If men run a society, they may run it well, or they may run it into the ground. If women run a society, they will run it into the ground.
I think you’re a new reader of VFR. I have taken positions on women’s vote and women’s suitability for leadership that you may strongly disagree with, but I hope you will consider the arguments and not automatically dismiss them. Traditionalism means recognizing the real differences that exist among humans as individuals, among human cultures and races, and also between the sexes. The question is: are there differences between the sexes that are significant in terms of the kinds of functions the sexes should have in society? Liberalism says no. Traditionalism says yes.
I respectfully disagree with Margaret. Her argument, as I see it, is a liberal argument. That is not labeling, I have a definite idea in mind when I call something liberal that goes to the heart of what this website is about.

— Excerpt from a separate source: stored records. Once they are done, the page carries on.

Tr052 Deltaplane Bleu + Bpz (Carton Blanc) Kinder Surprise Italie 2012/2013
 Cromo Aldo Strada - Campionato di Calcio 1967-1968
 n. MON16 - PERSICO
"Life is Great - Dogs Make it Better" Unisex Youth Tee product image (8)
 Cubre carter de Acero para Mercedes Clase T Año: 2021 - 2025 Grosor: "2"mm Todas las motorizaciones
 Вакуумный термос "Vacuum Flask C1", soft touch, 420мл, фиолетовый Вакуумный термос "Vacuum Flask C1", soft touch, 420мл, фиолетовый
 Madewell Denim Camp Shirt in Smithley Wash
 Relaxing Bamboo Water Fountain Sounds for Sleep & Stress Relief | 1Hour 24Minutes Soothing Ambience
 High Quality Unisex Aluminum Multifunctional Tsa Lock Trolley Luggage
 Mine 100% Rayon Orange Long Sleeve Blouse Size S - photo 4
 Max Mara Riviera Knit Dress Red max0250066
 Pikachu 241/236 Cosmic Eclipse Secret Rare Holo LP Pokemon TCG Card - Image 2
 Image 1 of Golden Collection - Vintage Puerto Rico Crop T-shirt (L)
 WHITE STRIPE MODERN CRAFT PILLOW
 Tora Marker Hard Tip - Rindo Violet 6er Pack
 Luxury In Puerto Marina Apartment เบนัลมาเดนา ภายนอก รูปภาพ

Key VFR articles on this subject are collected in the newly posted
Liberalism means seeing the world as a single collection of individuals, all possessing the same rights, and distinguished only by their “individual worth.” Liberalism rejects, as a fundamental principle, the idea that individuals may belong to different categories—categories not chosen by the individual himself—that may affect the individual’s rights. So, from the point of view of liberalism, there is no reason why women cannot be, say, soldiers or police officers, so long as the women in question can “do the job.” This leads to a few women, who have the requisite qualifications, becoming soldiers or police officers, which in turn leads to changes in the institution to adjust to those women (e.g., separate bathrooms and sleeping quarters, the elimination of hazing at VMI), and thence to an attack on the “culture of masculinity” in those institutions and to never-ending demands for ever more women to be admitted and to be promoted at the same rate as men. Starting with a liberal individual-rights paradigm aimed at the non-discriminatory inclusion of qualified individuals, we end up with cultural radicalism aimed at transforming or destroying the institution itself.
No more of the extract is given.